Repository files navigation

impactR

Ease IMPACT’s data and database officers woRk

impactR started as a simple project: mainly a reminder of totally-perfectible functions used and made on the go for the Burkina Faso team in 2021. It became broader, aiming now to ease data teams daily R work and to cover most of the research cycle’s tasks.

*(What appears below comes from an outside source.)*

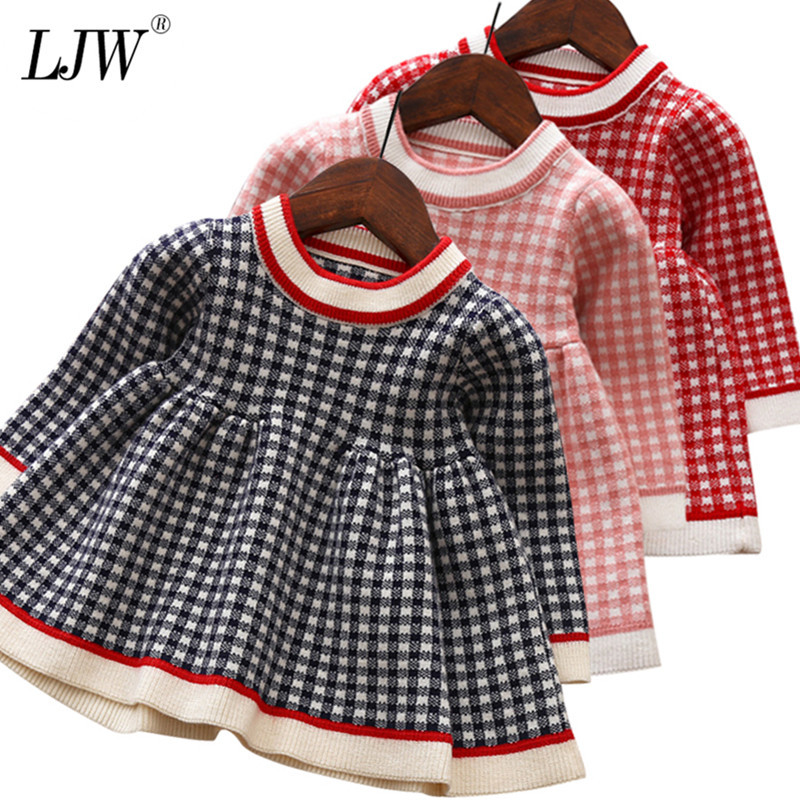 

2020 Baby Lace Flower Christening Gown Baptism Clothes Newborn Kids Girls Birthday Princess Infant Party Dresses Costume, As picture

It is based on three spreadsheets that need to be filled in and coordinated by either assessment officers, data officers or field officers:

  1. To monitor data collection and get a log to fill: a spreadsheet of logical tests based on the questionnaire and the Kobo tool
  2. To clean data: a cleaning log that has been (well-)filled
  3. To analyze data: a data analysis plan

Specs:

  • mainly, it is aimed at data collection with Kobo
  • it extensively uses the tidyverse, and srvyr for survey data analysis
  • since version 0.7.8, it is considered robust enough and has been tested on 3 different
  • it requires R 4.1+ (mostly for the native pipe |>)

Installation

You can install the last version of impactR from GitHub with:

# install.packages("devtools")
devtools::install_github("gnoblet/impactR", build_vignettes = T)

Roadmap

From version 0.6, contributions should go with minimal and complete commits as a good practice. The dev branch will be used from there. Well, in practice, it isn’t much.

Roadmap is as follows:

  • introduce tidy eval wherever it makes sense
  • add (re) count columns post-cleaning for multiple choices columns and simple choice’s other column
  • write more documentation
  • tidy eval to cleaning functions
  • dots not as the last arg, not always at least
  • functions to create a small report of the values that effectively changed or were removed when cleaning thanks to a cleaning log
  • more robust check cleaning log and check check list functions
  • export clean (open)-xlsx files
  • add a grouping arg to make_log_outlier()
  • (ongoing) MSNA analysis tools : roster (education, demography, WGI), weighting functions, analysis functions
  • (ongoing) Split this big mess into several consolidated small packages : a viz one, an analysis one and a cleaning one

Side projects

There will be a Shiny app for cleaning and monitoring (in French for now) whose repo will be collectoR. It is experimental and based on older versions of impactR.

Vignettes

Youpi! some documentation:

In R, use:

vignette("base_de_travail", "impactR")
vignette("main_workflow", "impactR")

Example

These are basics example of daily uses:

# Attach all functions, equivalent to library("impactR")
box::use(impactR[...])

## basic example codes and uses (not run!)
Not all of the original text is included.